+++ Dataset

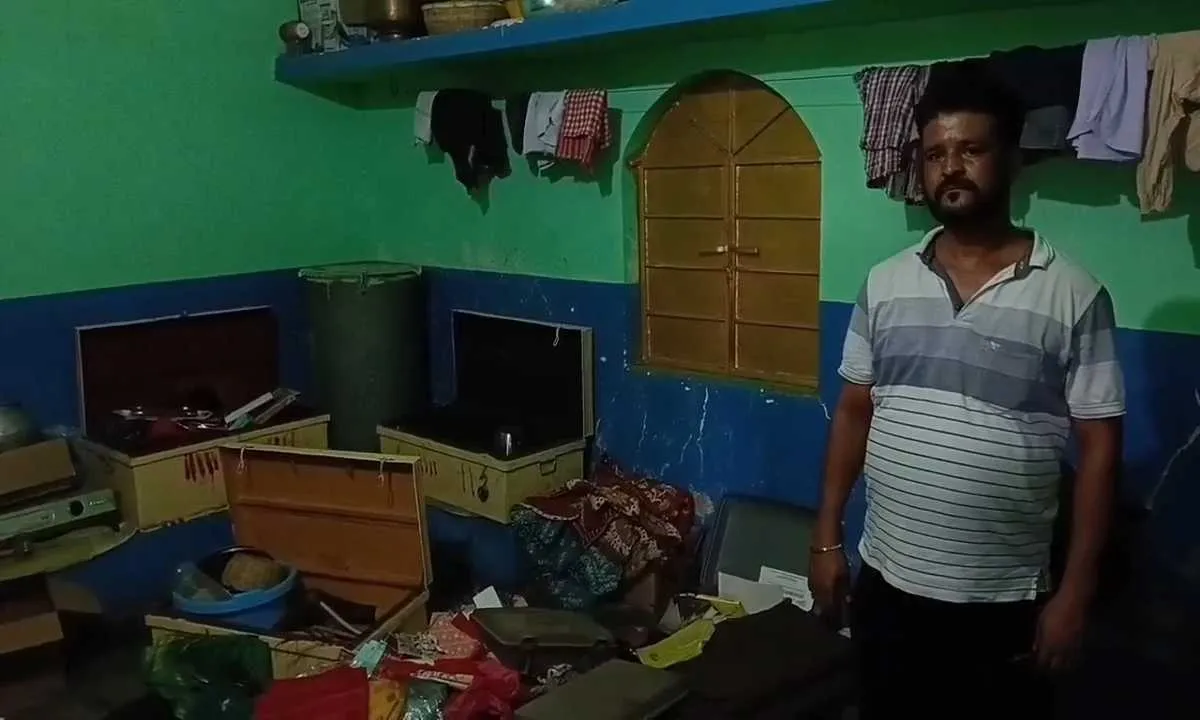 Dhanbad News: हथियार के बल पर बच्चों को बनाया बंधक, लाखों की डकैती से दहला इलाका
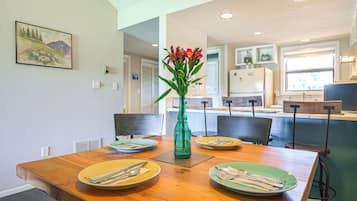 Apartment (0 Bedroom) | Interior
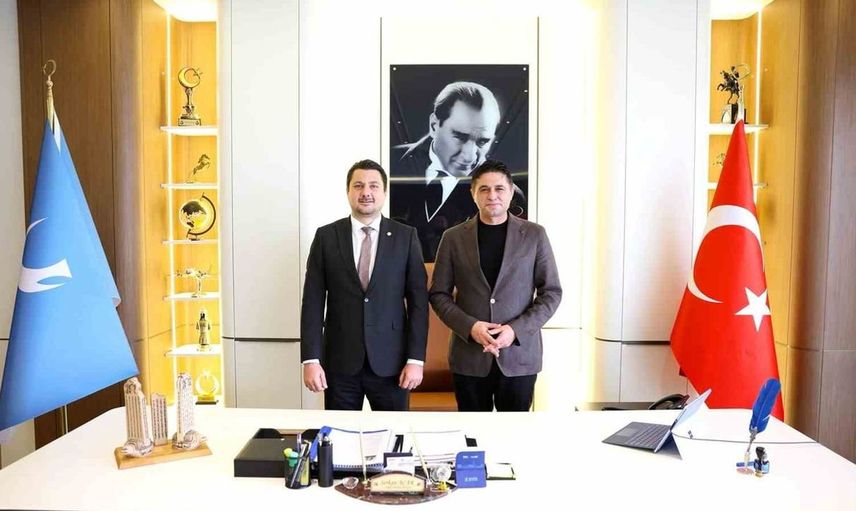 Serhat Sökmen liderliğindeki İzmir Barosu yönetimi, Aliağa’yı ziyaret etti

++++++
+++ Dataset

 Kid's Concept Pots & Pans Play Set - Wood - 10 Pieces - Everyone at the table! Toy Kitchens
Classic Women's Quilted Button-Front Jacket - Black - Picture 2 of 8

++++++

→ What you are asked to do: In the data above, retype only the stretch from the line with "Apartment (0 Bedroom) | Interior" through the line with "Serhat Sökmen liderliğindeki", word for word, and skip any pictures.

→ Reply to the exercise:
 Apartment (0 Bedroom) | Interior
 Serhat Sökmen liderliğindeki İzmir Barosu yönetimi, Aliağa’yı ziyaret etti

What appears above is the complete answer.